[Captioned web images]

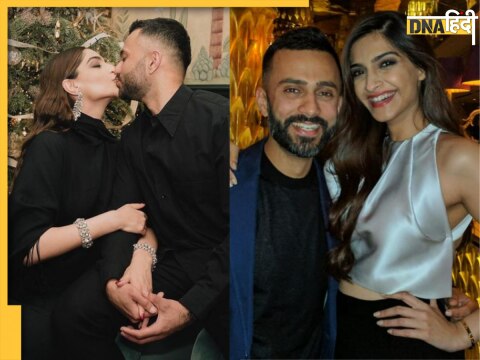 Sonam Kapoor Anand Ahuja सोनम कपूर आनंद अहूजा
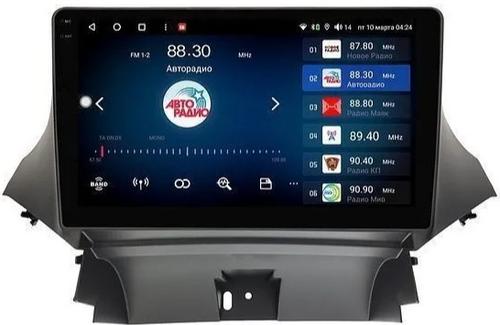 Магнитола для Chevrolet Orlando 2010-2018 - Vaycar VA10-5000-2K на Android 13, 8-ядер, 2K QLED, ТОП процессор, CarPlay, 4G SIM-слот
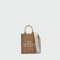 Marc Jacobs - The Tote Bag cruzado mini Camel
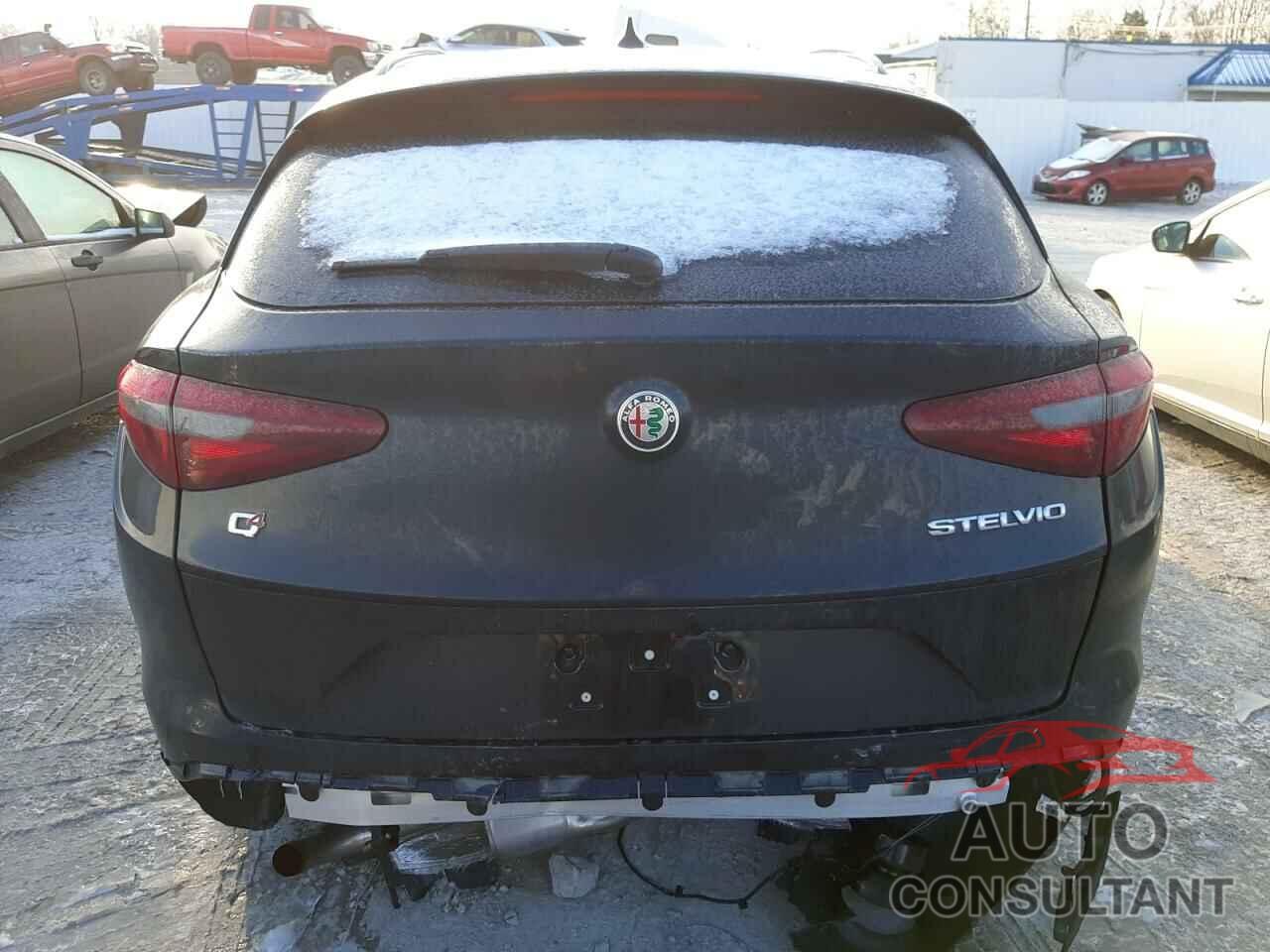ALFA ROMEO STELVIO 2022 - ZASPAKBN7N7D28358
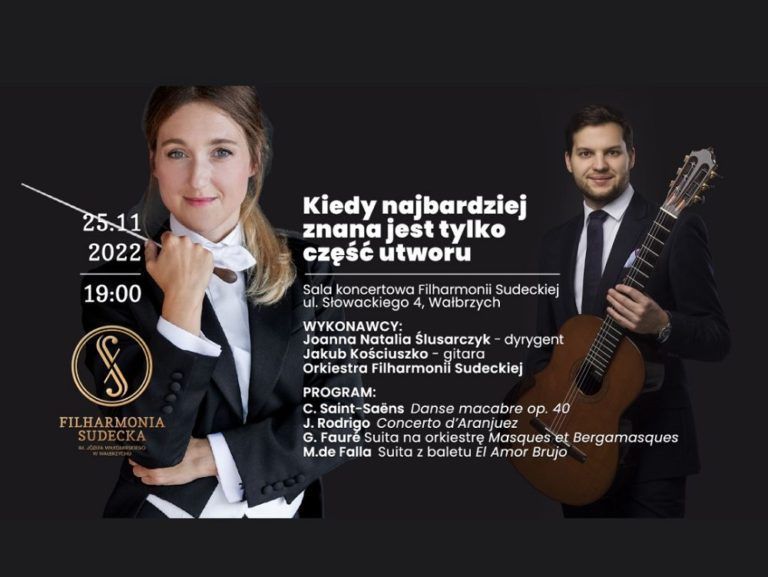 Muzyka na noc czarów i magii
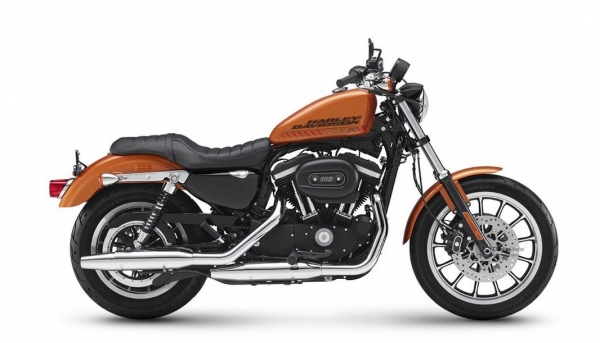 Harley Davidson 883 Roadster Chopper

# About this exercise:
Only the lines from the one containing "Магнитола для Chevrolet" through the last line of the entries, both included, should be repeated exactly, and the pictures should be left out.

# Solution:
 Магнитола для Chevrolet Orlando 2010-2018 - Vaycar VA10-5000-2K на Android 13, 8-ядер, 2K QLED, ТОП процессор, CarPlay, 4G SIM-слот
 Marc Jacobs - The Tote Bag cruzado mini Camel
ALFA ROMEO STELVIO 2022 - ZASPAKBN7N7D28358
 Muzyka na noc czarów i magii
 Harley Davidson 883 Roadster Chopper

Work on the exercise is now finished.